El cura qualunque –falto como suele estar de cualquier seria formación
católica- que reciba en confesión a un abortista dispensará la absolución al
homicida sin otra carga que traer a la parroquia algún alimento no perecedero
para los pobres. Lo mismo sucederá si se confiesa un adulterio o una vida
contranatura o la práctica activa del travestismo. Alerta punitivo al tope, en
cambio, si alguien llegase a reconocer, tras la extinta celosía del confesionario,
que se entusiasmó en una corrida de toros (a favor del torero) o que contaminó
la acera de su casa arrojando algún residuo sin reciclar.
La
gravitas, aquella noble virtud que significaba peso, responsabilidad, severidad
y seriedad, y que tan vinculada a la piedad estaba, quedará excluida del horizonte
del penitente y del ministro.
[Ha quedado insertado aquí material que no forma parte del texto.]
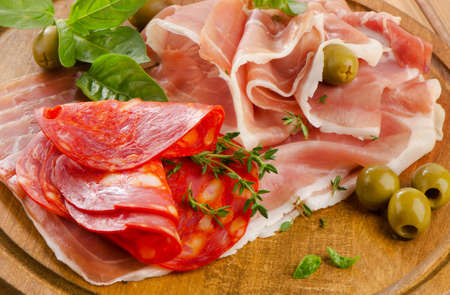 Slices of cured ham and  chorizo on a wooden table . Selective focusの写真素材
Es que la misma Carta Misericordia et Misera, que en buena hora “recomienda mucho [al
clero] la preparación de la homilía y el cuidado de la predicación”[6], nada
dice del celo que debe tenerse para administrar correctamente el sacramento de
la penitencia o confesión, devenido hoy, en la generalidad de los casos, en un
diálogo insustancial, consensuado y mecánico con el clérigo de turno.
En la
cosmovisión bergogliana –y hasta aquí no cabe reproche- está claro que el
confesionario no puede ser un salón de torturas. Pero tampoco puede ser una
cafetería en la que dos conocidos se dan al charlismo amistoso y se despiden
hasta próxima ocasión. Con sapiencia decía Louis Veillot, que el respetuoso y
reverente atractivo de los tradicionales confesionarios, más consistía en estar
ellos salpicados de penas, vergüenzas y dolores que chorreados con la sangre de
un mártir. Es el estar rodeados de adoloridos arrepentimientos lo que suscita
su búsqueda en el alma sana. No el parecerse a las cabinas de un cyber en la
que se entra y se sale para hacer un poco de vida social y otro poco de humana
catársis.
La confesión tiene pautas,
condiciones, requisitos, exigencias. San Juan Nepomuceno es el Patrono de los
Confesores, no Frantz Fanon. Y desde siempre se enseñó en la doctrina católica
que existe la disciplina; esto es la
posibilidad y la necesidad de una pena, de una sanción, de un castigo.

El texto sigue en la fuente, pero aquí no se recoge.